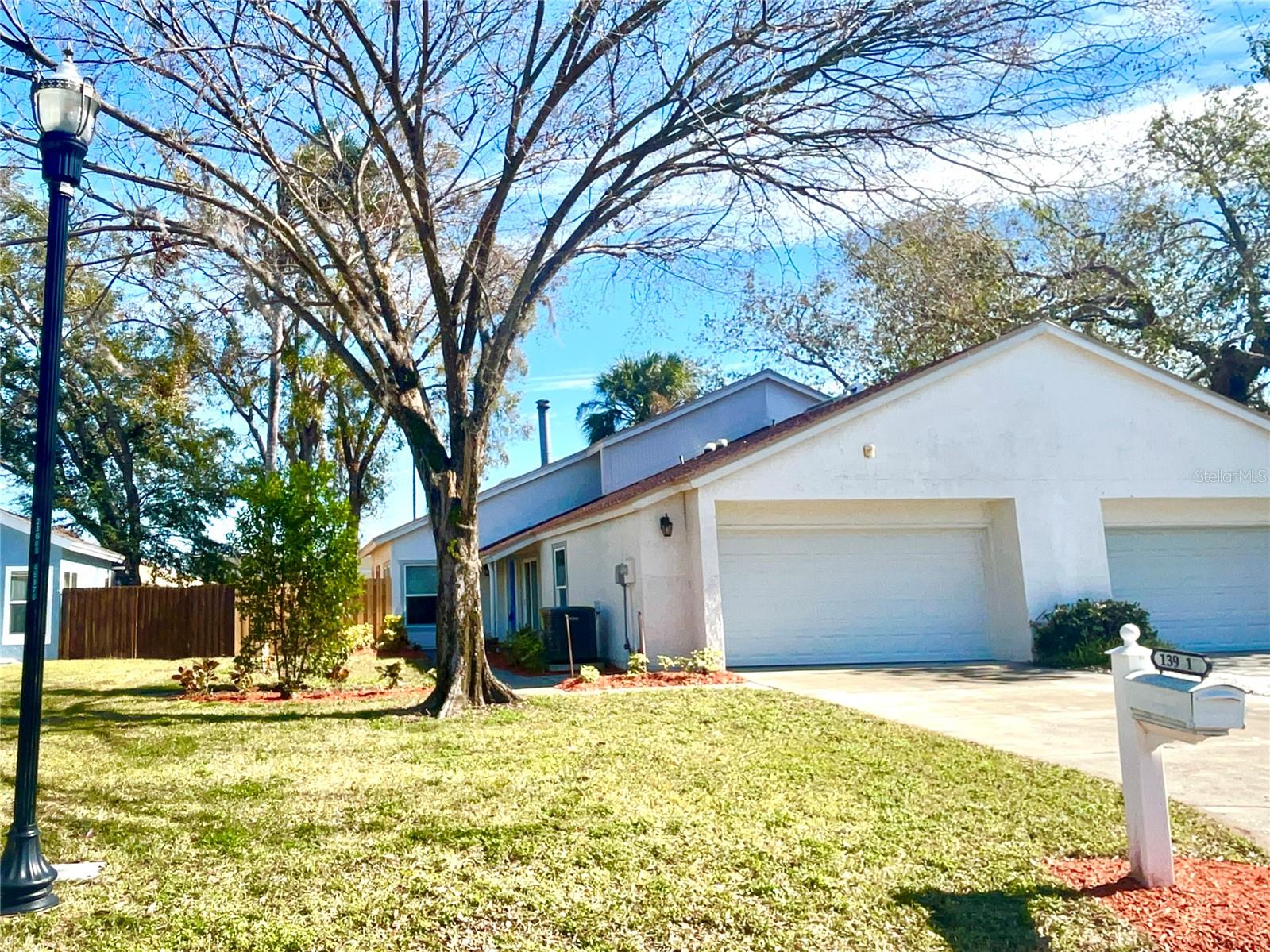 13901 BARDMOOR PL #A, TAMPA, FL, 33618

...

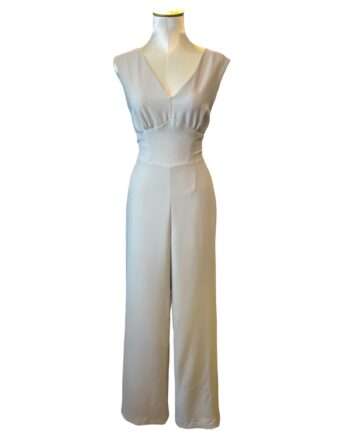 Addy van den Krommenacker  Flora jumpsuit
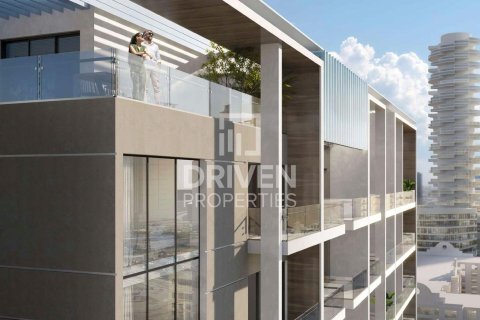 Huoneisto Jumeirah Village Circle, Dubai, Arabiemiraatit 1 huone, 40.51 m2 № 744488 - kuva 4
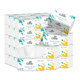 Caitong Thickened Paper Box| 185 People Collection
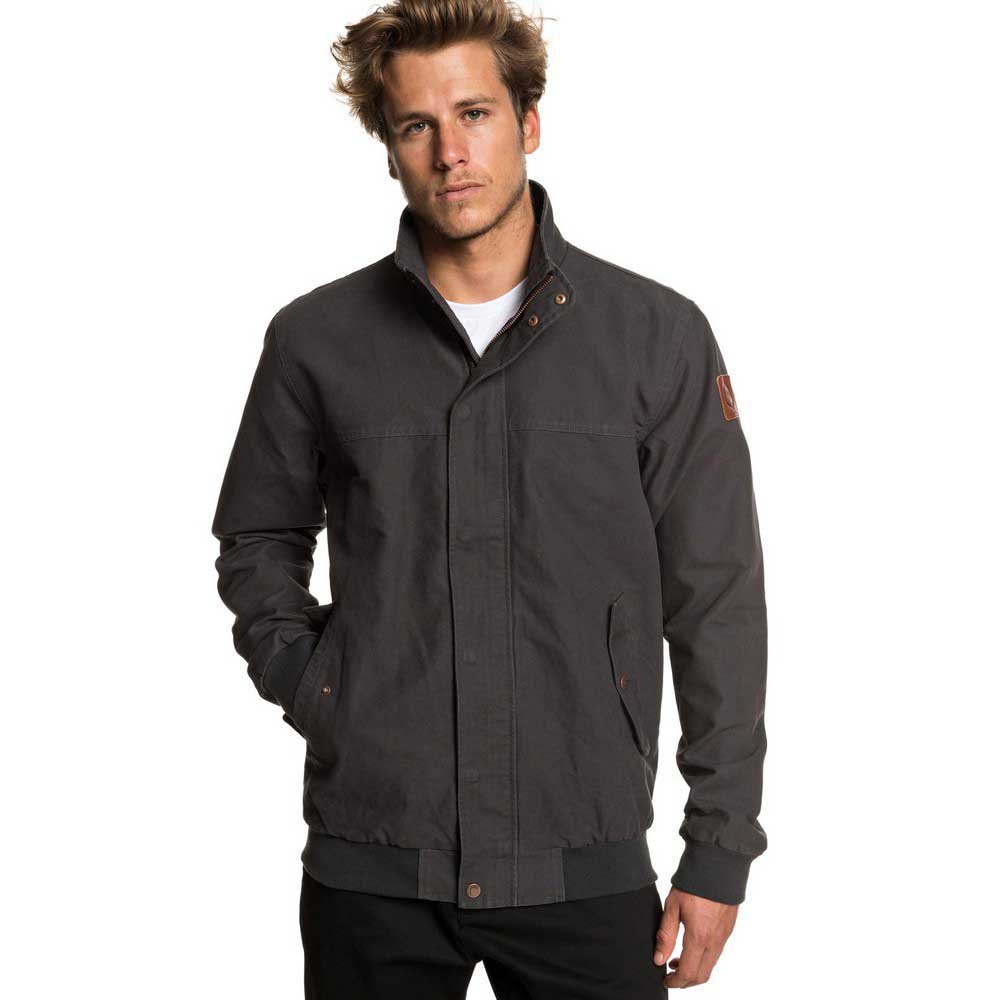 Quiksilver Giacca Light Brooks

--

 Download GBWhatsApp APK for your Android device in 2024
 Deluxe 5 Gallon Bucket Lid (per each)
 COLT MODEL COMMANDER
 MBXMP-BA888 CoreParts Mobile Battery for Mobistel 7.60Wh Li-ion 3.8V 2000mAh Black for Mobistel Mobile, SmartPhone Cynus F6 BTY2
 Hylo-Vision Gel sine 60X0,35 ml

Task details :: Everything above from the line with "COLT MODEL COMMANDER" to the line with "Hylo-Vision Gel sine 60X0,35 ml", both included, must be repeated exactly, and nothing outside that range.

Final answer ::
 COLT MODEL COMMANDER
 MBXMP-BA888 CoreParts Mobile Battery for Mobistel 7.60Wh Li-ion 3.8V 2000mAh Black for Mobistel Mobile, SmartPhone Cynus F6 BTY2
 Hylo-Vision Gel sine 60X0,35 ml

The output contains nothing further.